Thanks, Coderman, for clarifications. I didn't realize the trunk doc was
I agree with your conclusion about TorVM being the right technology
choice for Windows.
I just didn't think that the 'there are no alernatives' part could be
clarified a bit. :-)
I think a native driver could help with Tor performance, if that really
was an issue -- -erhaps transparency issues aside -- to be addressed at
some level by Tor's sponsors.
But a Windows driver solution would be hard in a variety of ways:
1) to develop. You'll need NT driver skills, not LSB/POSIX/eLinux skills.

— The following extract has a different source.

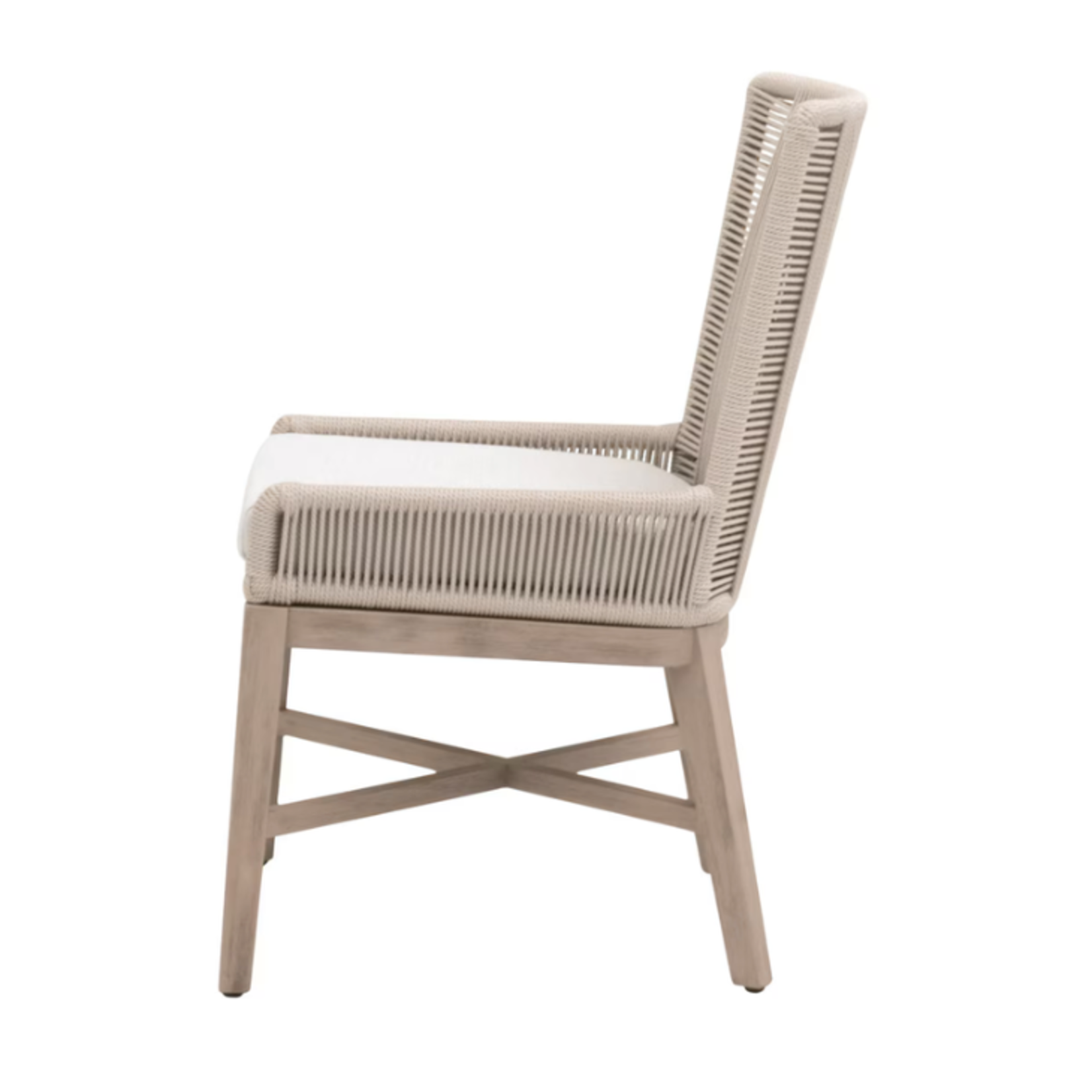 Outside The Box Overlay White Speckle Performance  Fabric & Teak Indoor / Outdoor Dining Chair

And unlike having source access, and using IRC for help like with FOSS
tech, the proper approach for WDK dev, if you can't figure it out
yourself or on NTDev list, would require paying $ to MS Tech Support for
answers, and I laugh at the thought of that ever happening (with most
FOSS community in general, nothing with Tor in particular). :-)

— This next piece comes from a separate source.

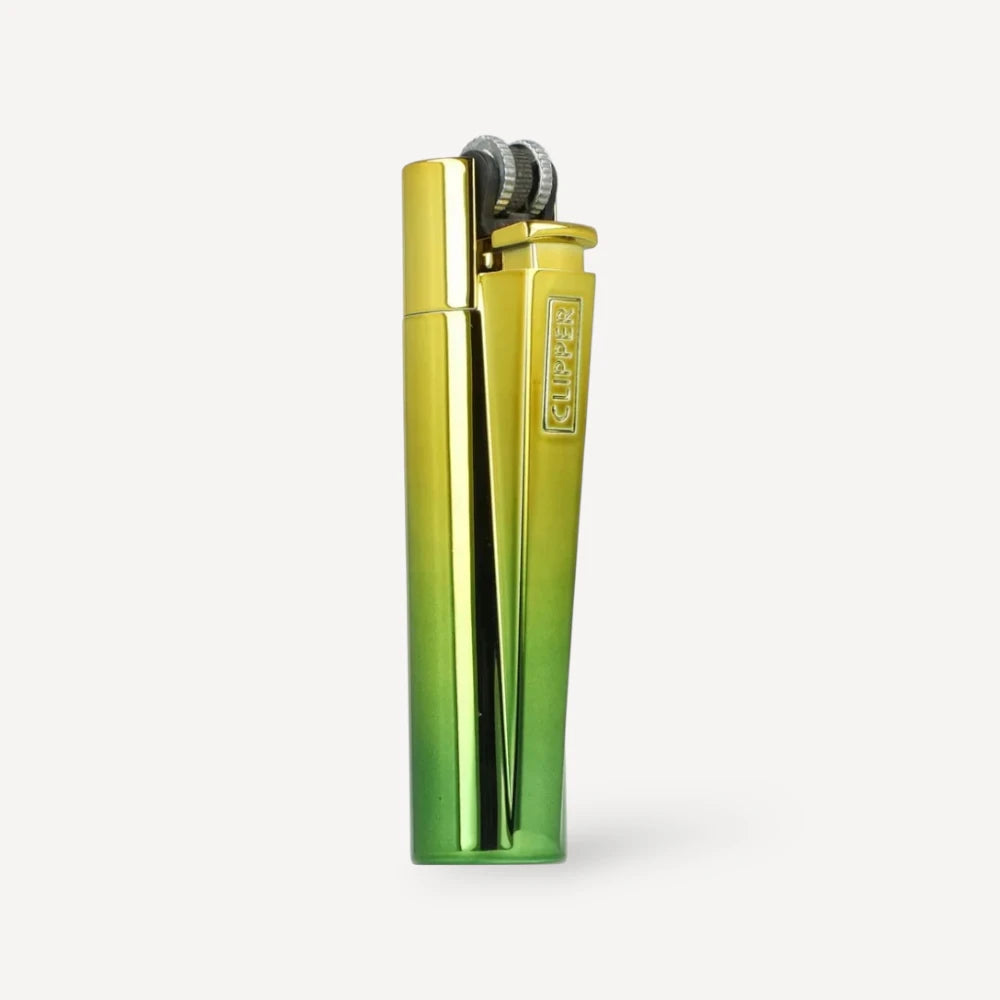 Metal Clipper lighter - guld/grøn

2) to build. You'll need to use MSC and KD/Windbg, not GCC and GDB.
Given Tor service is built with MinGW, and GCC doesn't generate PDB
symbols that KD/Windbg expect, and GDB doesn't debug drivers. So
debugging kernel mode IRP interactions with an NT service with no
symbols would not be fun. I wish MinGW's GCC could generate PDBs!
Also, the DDK/WDK tools are curently freeware, but at times they were
commerical only, by paying for MSDN, and pulled from online free
download for a while. I sadly expect that Win8 will change for the worse
in this area. This might also be an issue for the OpenVPN driver.
3) to support. When Tor users have BSODs and ask for help... Having to
deal with NT kernel dumps would be an increase in resources. Having to
document how to install a driver, deal with driver signing, locked down
systems that don't allow drivers, dealing with crashes, would require a
large doc project.
In addition to time needed to build a new driver, a new NDIS/WFP driver
would need time to test and mature, whereas most of the TorVM FOSS
components are mature and wouldn't have this problem. IRP stability, as
well as transparency testing. Which would of course be much easier if a
foreign OS is used for isolation.
As for maintaining legacy versions of Windows platforms, you can only
track Windows versions so long, until vendor doesn't provide security
patches for it, then it's a worthless platform for anything that needs
IMO, low-end hardware like Atom netbooks are going to have a hard time
using a Linux VM. And, upcoming Win8 is targetting ARM hardware, so I
presume handsets and tablets, as well as netbooks. However, these boxes
will likely be locked down by MS and carriers, and neither a TorVM or an
external kernel driver would likely be allowed, unless rooted. So,
neither solution will probably work on those targets, even if/when MinGW
targets Windows ARM binaries.
I also asked around, to see if there was any more NT guidance for
specific driver model recommendations. It appears the NDIS "raw IP
medium" type (NdisMediumIP)" driver is one to investigate. In addition
to WFP. Some NDIS driver models are being deprecated for WFP, but I'm
not sure if NDIS NdisMediumIP drivers are on that list.
Also, I'm not sure if WFP is technically able to handle all transproxy
needs. There are 2 WDK samples for WFP that seem like a good place to
start, if anyone is interested.
PS: The Tor tor-win32-mingw-creation.txt is about a year outdated. The
MSYS and MSYS DTK distribution filese have changed, and the legacy
package names that the Tor doc refers to are no longer available for
download from SourceForge mirrors. It should probably be updated to
include information using the mingw-get and mingw-get-inst tools. I'd
rather see the Debian Mingw cross-compile instructions, if those're what
is actually being used to generate the released binaries.